**What is required:** Write the entries out again in full and unchanged, dropping every image.

**Excerpted data:**
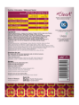 Picture of OLIFERIN® Antholive Gold sachets (20sX4.5g)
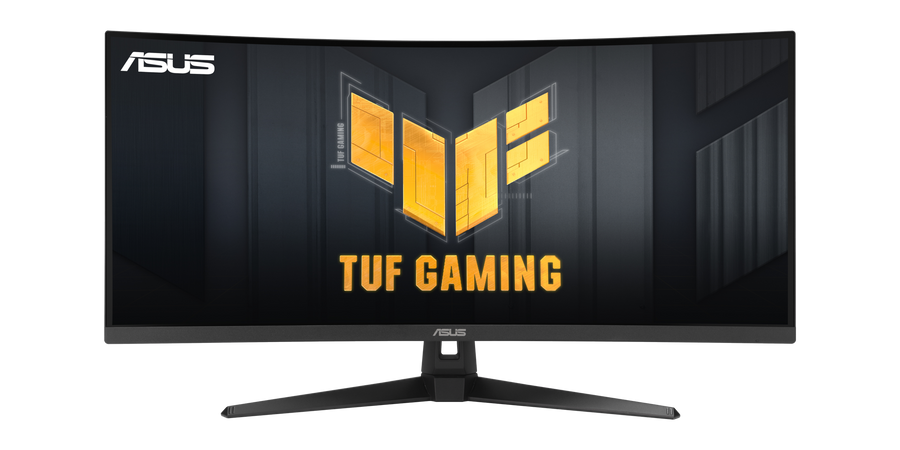 ASUS TUF Gaming VG34VQ3B 34″ UWQHD 180Hz VA — 1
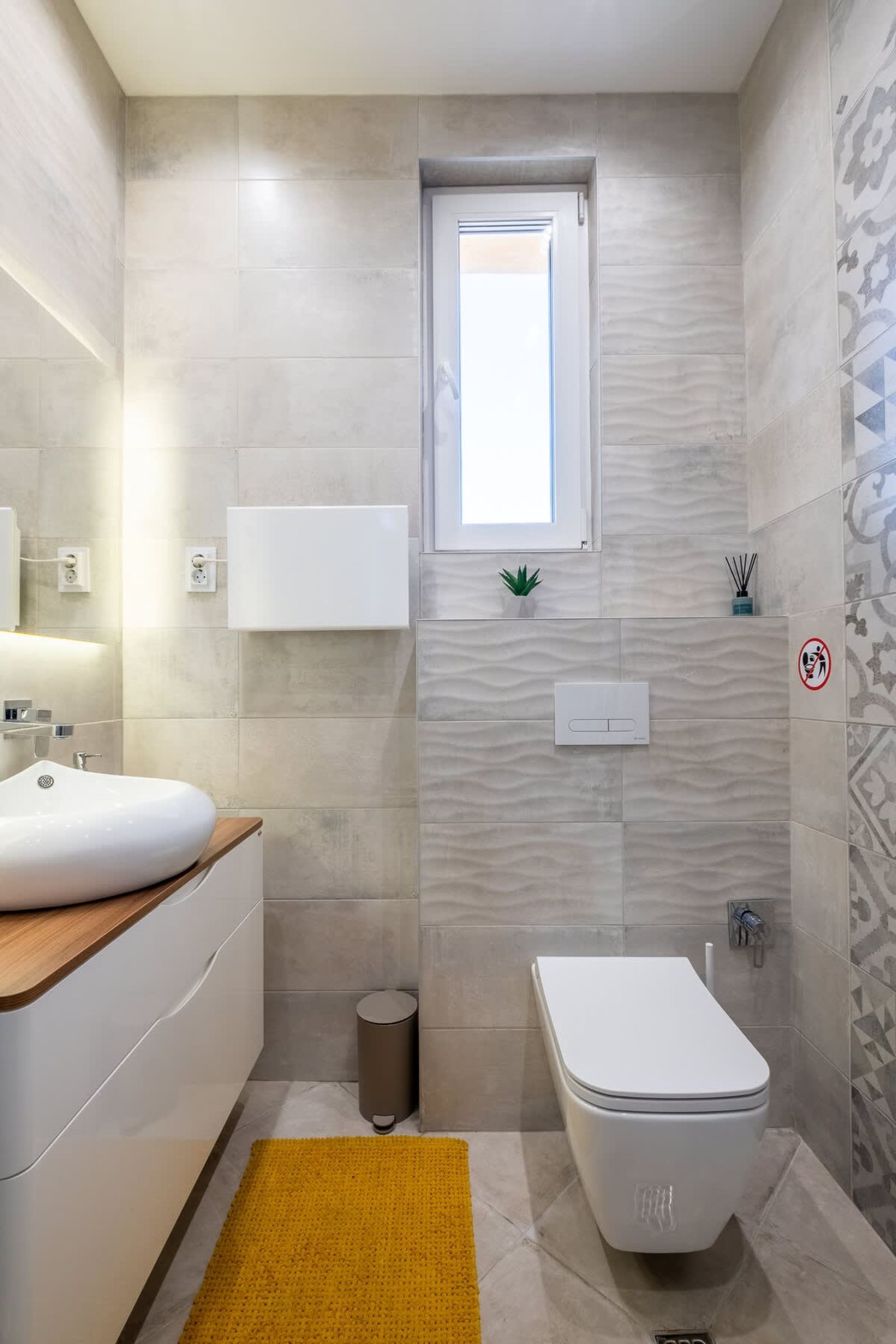 Bright Apartments – 2 Bedroom - Photo 30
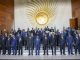 African Leaders Call for UN Reform and Global Equity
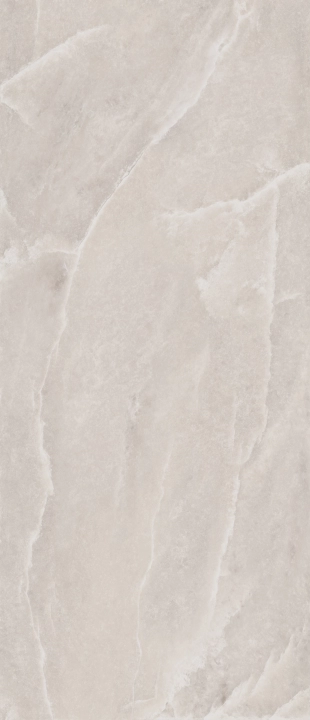 Casalgrande Padana Supreme Sand błyszcząca 120x278 - płytka imitująca marmur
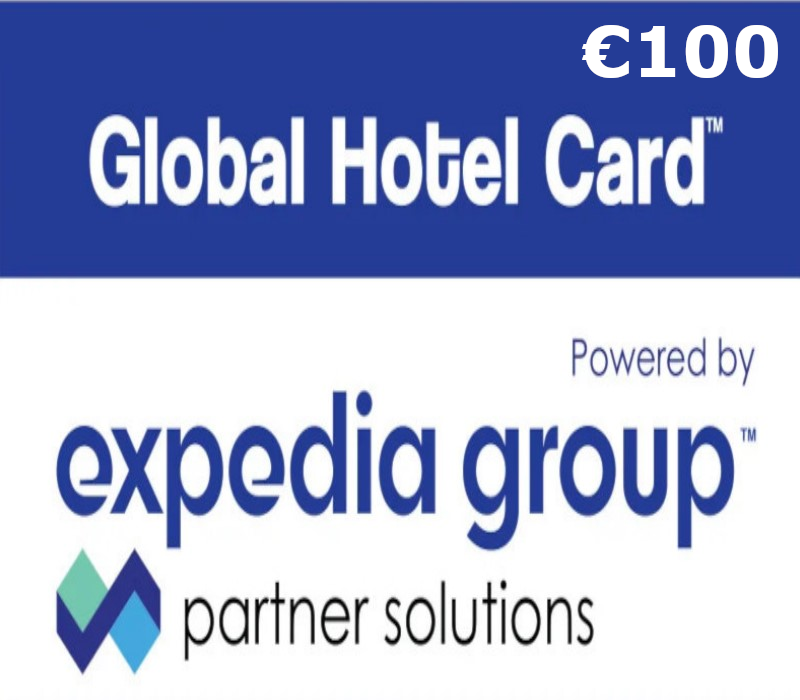 Global Hotel Card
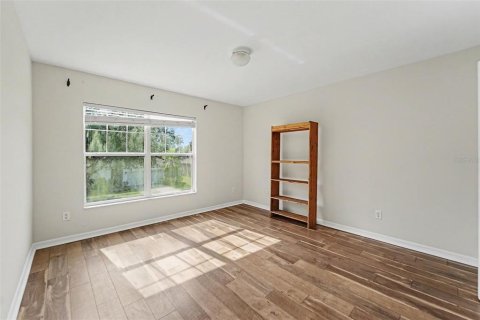 Villa ou maison à louer à Wesley Chapel, Floride: 4 chambres, 253.81 m2 № 2388760 - photo 30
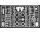 550035039 1:35 Deutscher Schlepper T-70 mit FK288(r) (4)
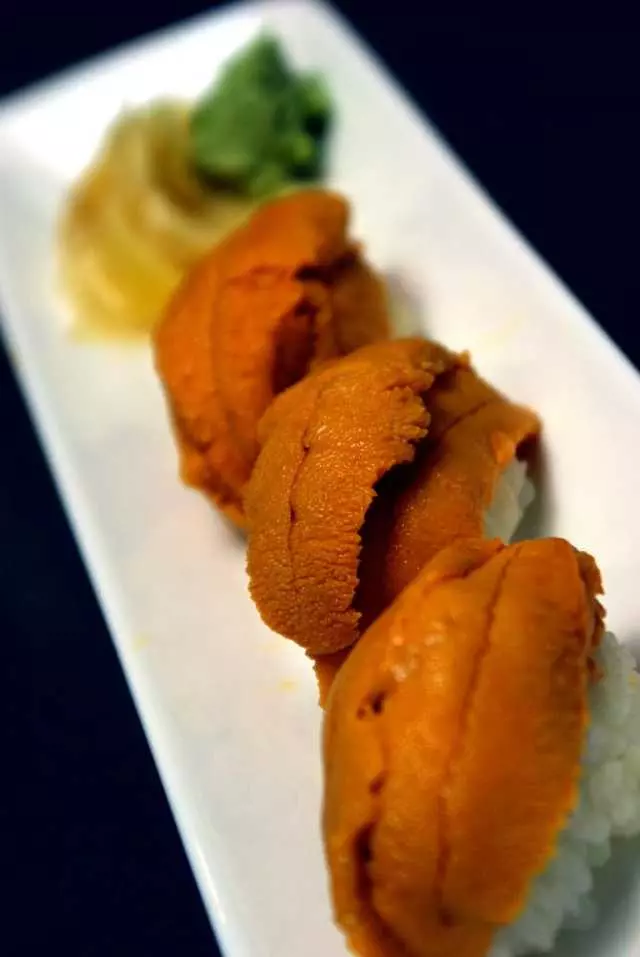 Sakesan Bistro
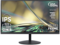 Монитори Acer SB242YEbi
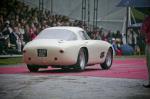 Ferrari 410 Special Berlinetta 1955 года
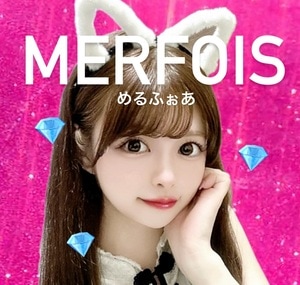 MERFOIS（メルフォア）高田馬場・大久保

**Exercise result:**
 Picture of OLIFERIN® Antholive Gold sachets (20sX4.5g)
 ASUS TUF Gaming VG34VQ3B 34″ UWQHD 180Hz VA — 1
 Bright Apartments – 2 Bedroom - Photo 30
 African Leaders Call for UN Reform and Global Equity
 Casalgrande Padana Supreme Sand błyszcząca 120x278 - płytka imitująca marmur
 Global Hotel Card
 Villa ou maison à louer à Wesley Chapel, Floride: 4 chambres, 253.81 m2 № 2388760 - photo 30
 550035039 1:35 Deutscher Schlepper T-70 mit FK288(r) (4)
 Sakesan Bistro
 Монитори Acer SB242YEbi
 Ferrari 410 Special Berlinetta 1955 года
 MERFOIS（メルフォア）高田馬場・大久保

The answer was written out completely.